Com efeito, Jesus “pôs-se à mesa e os Apóstolos
com Ele e disse-lhes: ‘Tenho ardentemente desejado comer esta Páscoa convosco, antes
de padecer, pois digo-vos que já não a voltarei a comer até ela ter pleno
cumprimento no Reino de Deus’.” (Lc
22,14-16). Depois, é de considerar que o pão repartido e o cálice de vinho partilhado
pelos discípulos são o Corpo do Senhor entregue por nós e o Sangue do Senhor
derramado por nós. E tudo com referência ao cumprimento desta Ceia no Reino de
Deus ou o Reino do Pai, no que acordam os três sinóticos. E Mateus e Lucas, bem
como João colocam aqui a tónica na missão do serviço ao invés do mando ou do
poderio e das mordomias terrenas, sendo este serviço um estilo de entrega
dedicada sem espera de retribuição. Neste sentido, antes da Sua entrega ao Pai
ou em concomitância com ela, Jesus quis entregar-Se aos homens, que são objeto
de resgate.
Por outro lado, os sinóticos dão muita importância à Oração
de Jesus no Horto das Oliveiras, para cujo cenário convocou os discípulos e,
para mais perto, Pedro Tiago e João, a quem pediu que rezassem com Ele, sem que
estes o conseguissem. Mas Jesus, num intenso diálogo a sós com o Pai, renuncia,
embora com muita dor, à Sua vontade e assume por inteiro o cumprimento da
vontade do Pai (Não se faça a minha
vontade, mas a tua! – Lc 22,42; cf Mt
26,39.42.44; Mc 14,36.39).
Porém,
João no âmbito da revelação de Jesus aos Seus através do grande sinal, refere
que Ele, durante a Ceia, que não descreve como os sinóticos (estava
já consolidada a fé na Eucaristia e a sua prática, mas não as suas
consequências – a batalha de todos os dias),
lavou os pés aos discípulos e enxugou-lhos, explicando-lhes o sentido e as
consequências deste gesto, que eles devem replicar. Com toda a exigência e
realismo entrega-lhes a nova tarefa do amor – ensanduichada pelo anúncio da
traição de Judas e pelo da negação de Pedro – tarefa que será a marca
distintiva dos discípulos de Cristo o longo do tempo. Depois, dá-lhes muitas e
diversas pepitas de ensinamento, revela-Se-lhes como o Caminho, a Verdade e a
Vida, promete-lhes por cinco vezes o envio do Paráclito, deixa-lhes a paz,
acentua a união entre os discípulos e Ele próprio e deles entre si mesmos,
renova o mandamento do amor e alerta-os para o ódio do mundo para com os
discípulos, o que acarretará perseguições, mas anuncia que a tristeza se lhes
converterá em alegria e fala abertamente, não só por comparações, garantindo a
vitória sobre o mundo.
Depois
de feitas todas estas considerações nos capítulos 13 a 16, João transcreve (?)

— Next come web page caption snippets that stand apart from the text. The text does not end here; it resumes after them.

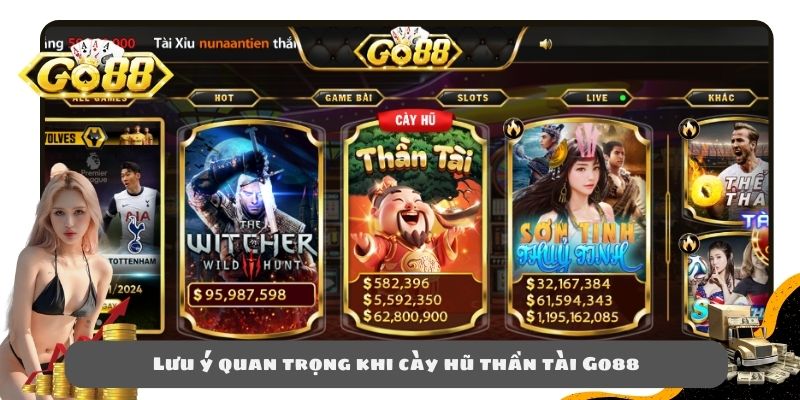 Lưu ý quan trọng khi cày hũ thần tài Go88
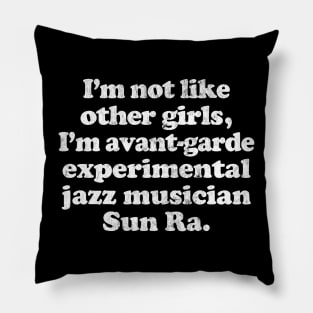 I'm Not Like Other Girls I'm Sun Ra Pillow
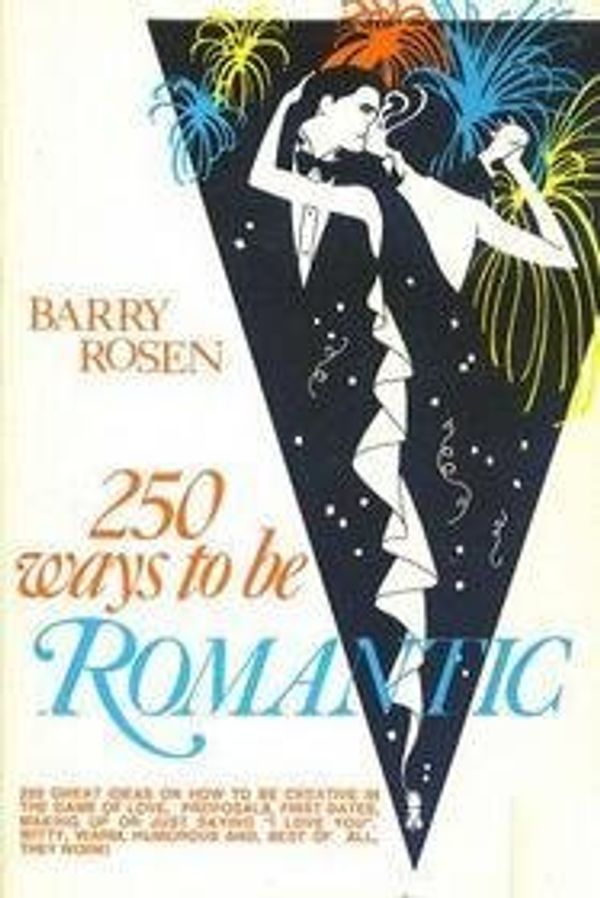Cover Art for 9780962559303, 250 Ways to Be Romantic by Barry Rosen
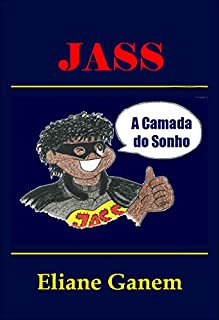 Livro Jass: A Camada do Sonho (Jass, o super-herói Livro 1)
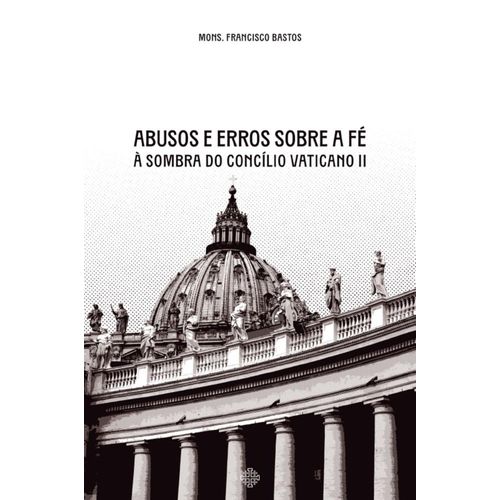 abusos e erros sobre a fé à sombra do concílio vaticano ii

a Oração Sacerdotal de Jesus
dedicando-lhe todo o capítulo 17.
***
A análise de Bento XVI em 25/01/2012 permite a índole sacerdotal que
adjetiva este dia.
Esta oração é compreensível na sua riqueza extrema, se a inserirmos no
cenário da festa judaica da expiação, o Yom kippur. O Sumo-sacerdote
cumpria a expiação em três etapas – para si mesmo, para a classe sacerdotal e
para todo o povo – a fim de restituir ao povo de Israel, após as transgressões
do ano, a consciência da reconciliação com Deus, a consciência de povo eleito,
‘povo santo’ no meio dos outros povos.
A oração, inscrita no capítulo 17 do 4.º Evangelho, segue a estrutura da
predita festa. Jesus dirige-se ao Pai no momento em que Se oferece a Si mesmo (sacerdote e vítima, altar e cordeiro) ora por Si, pelos apóstolos e por todos
aqueles que acreditam, pela Igreja de todos os tempos.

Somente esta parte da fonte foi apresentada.